Hi, @sebgmc, here’s a function you can put in a CFC. The function takes the following params:

key: CloudConvert Key
input_format: html (you can find all the formats here - https://cloudconvert.com/api/v2/convert#convert-formats)
output_format: docx
file_input: upload or url
file_path: path to the file locally (for upload) or url path

It returns a URL to the converted file.

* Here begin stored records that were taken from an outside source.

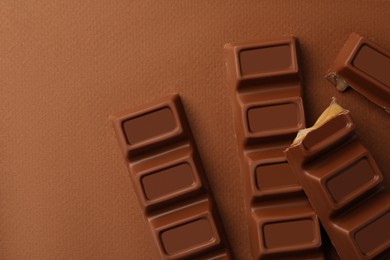 Delicious chocolate bars on brown background, flat lay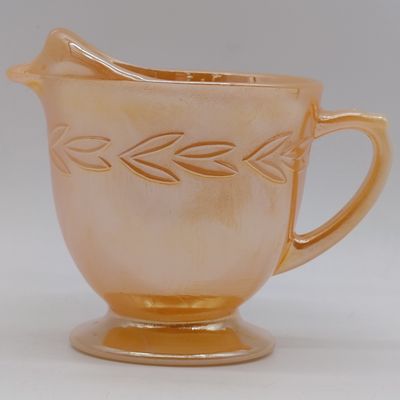 Anchor Hocking Fire-King Peach Lusterware "Laurel Leaf" cream pitcher - footed - 1952-1963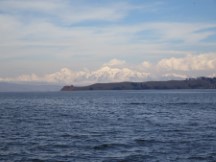 Snow covered mountains seen from Lake Titicaca near Copacabana, Bolivia.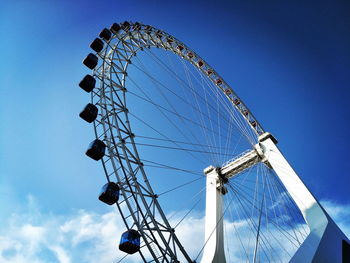 Low angle view of ferris wheel against blue sky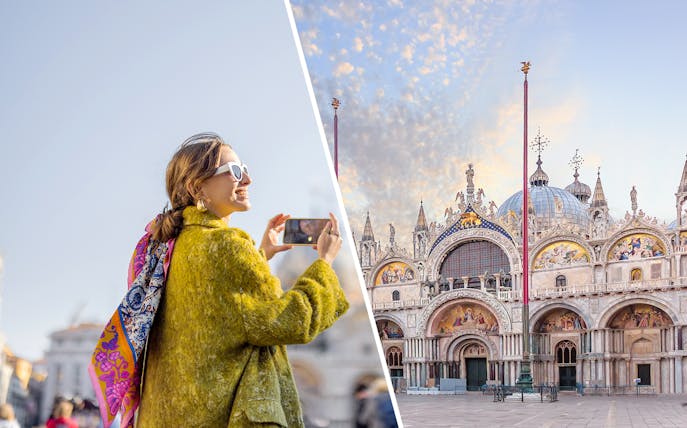 Tourist photographing St. Mark's Basilica in Venice, Italy.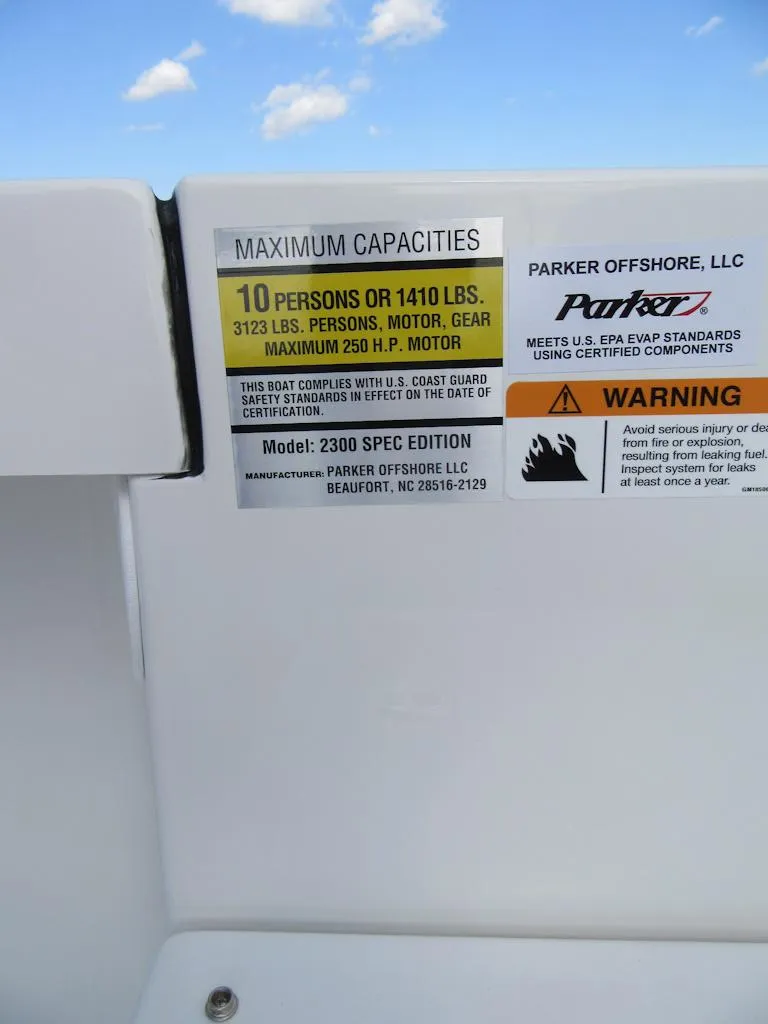 Slide: The Image of Capacity label on 2025 Parker 23 SE CC boat, maximum 10 persons or 1410 lbs. - 21
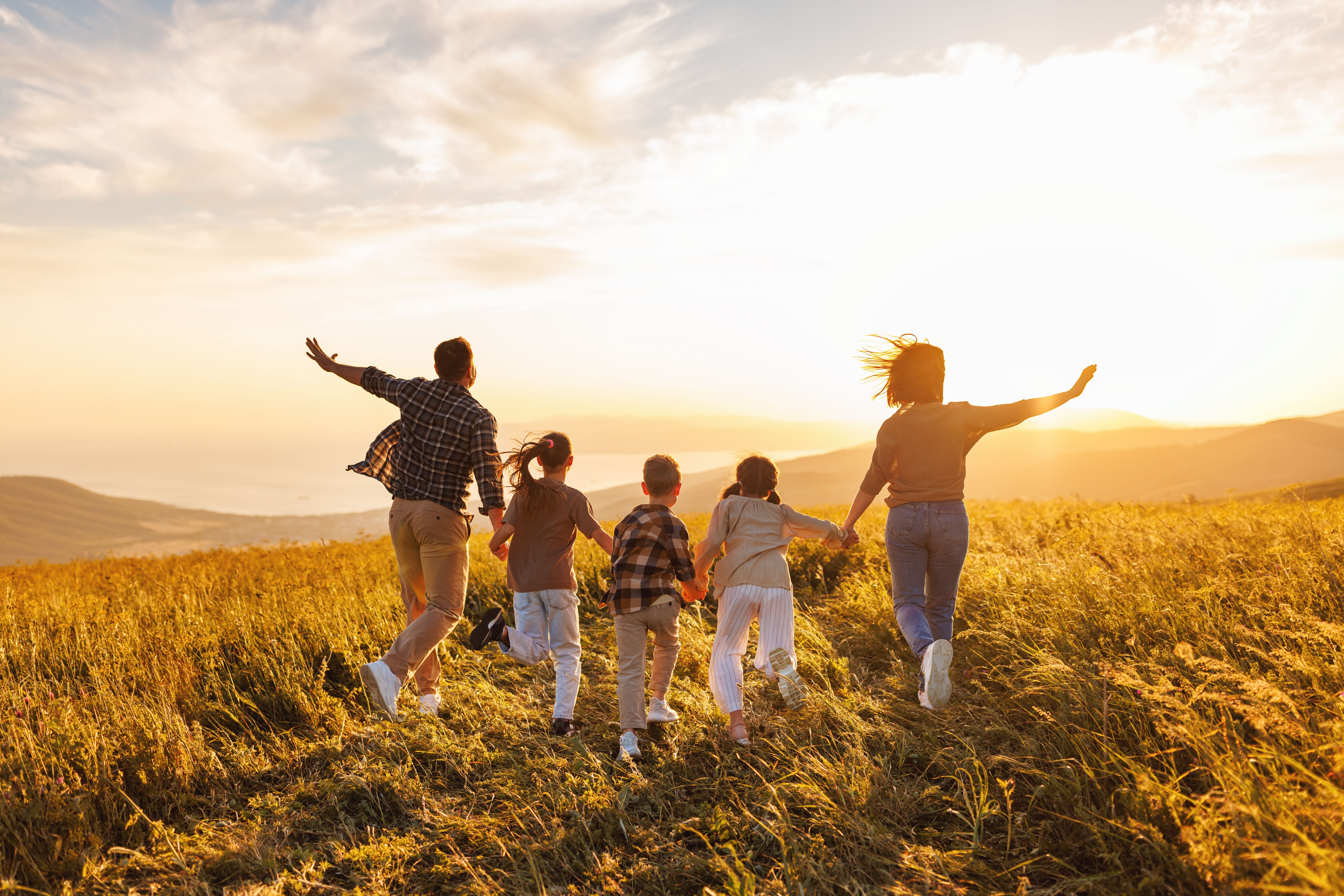 a family is running through a field at sunset .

You can do something like:

<cfhttp method="get" url="#RETURN_FROM_FUNCTION#" getasbinary="YES" path="#SOMEDIRECTORY#" file="#SOMEFILENAME#"/>

<cffunction name="ConvertFile" returntype="string" access="public">
		<cfargument name="key" type="string"/>
		<cfargument name="input_format" type="string"/>
		<cfargument name="output_format" type="string"/>
		<cfargument name="file_input" type="string"/>
		<cfargument name="file_path" type="string"/>

		<cfscript>
			//Cloudconvert API - https://cloudconvert.com/api/v2/convert#convert-tasks

			//Default options
			LOCAL.converteroptions = {
				"page_orientation": "portrait",
				"no_images": "null",
				"no_background": "null",
				"disable_javascript": "null",
				"javascript_delay": "200",
				"image_dpi": "600",
				"image_quality": "94",
				"zoom": "1.0",
				"grayscale": "null",
				"print_media_type": "null",
				"lowquality": "null",
				"page_size": "letter",
				"page_width": "null",
				"page_height": "null",
				"enable_forms": "null",
				"margin_top": "10",
				"margin_bottom": "10",
				"margin_left": 0,
				"margin_right": 0,
				"header_left": "null",
				"header_center": "null",
				"header_right": "null",
				"header_line": "null",
				"header_html": "null",
				"footer_left": "null",
				"footer_center": "null",
				"footer_right": "null",
				"footer_line": "null",
				"footer_html": "null",
				"disable_smart_shrinking": "null",
				"run_script": "null",
				"command": "null"
			};
			
			//If passing margin or footer, override default options
			if (StructKeyExists(arguments,"margin_top")) LOCAL.converteroptions.margin_top = arguments.margin_top;
			if (StructKeyExists(arguments,"footer_html")) LOCAL.converteroptions.footer_html = arguments.footer_html;
			if (StructKeyExists(arguments,"footer_center")) LOCAL.converteroptions.footer_center = arguments.footer_center;
			
			//Make first call to get a proces obj (task)			
			cfhttp(method="POST", charset="utf-8", url="https://api.cloudconvert.com/process", result="LOCAL.process") {
				cfhttpparam(name="apikey", type="formfield", value=arguments.key);
				cfhttpparam(name="inputformat", type="formfield", value=arguments.input_format);
				cfhttpparam(name="outputformat", type="formfield", value=arguments.output_format);
			}
			LOCAL.processObj = DeSerializeJSON(LOCAL.process.FileContent);
			
			//Override all of default objects with process object
			LOCAL.conversionObj = LOCAL.processObj;
			
			//Convert file
			cfhttp(method="POST", charset="utf-8", url="https:#LOCAL.processObj.url#", result="LOCAL.conversion", multipart="yes") {
				cfhttpparam(name="input", type="formfield", value=arguments.file_input);

				if (arguments.file_input EQ "upload") {
					cfhttpparam(type="file",name="file",file=arguments.file_path);
				} else {
					cfhttpparam(type="formfield",name="file",value=arguments.file_path);
				}
				cfhttpparam(type="formfield",name="outputformat",value=arguments.output_format);
				if (StructKeyExists(arguments,"margin_top")) {
					cfhttpparam(type="formfield",name="converteroptions[margin_top]",value=arguments.margin_top);
				}
				if (StructKeyExists(arguments,"footer_html")) {
					cfhttpparam(type="formfield",name="converteroptions[footer_html]",value=arguments.footer_html);
				}
				if (StructKeyExists(arguments,"footer_center")) {
					cfhttpparam(type="formfield",name="converteroptions[footer_center]",value=arguments.footer_center);
				}
			}

			LOCAL.conversionObj = DeSerializeJSON(LOCAL.conversion.FileContent);

			return "https:#LOCAL.conversionObj.output.url#";

		</cfscript>
		

	</cffunction>

Let me know if you run into any issues.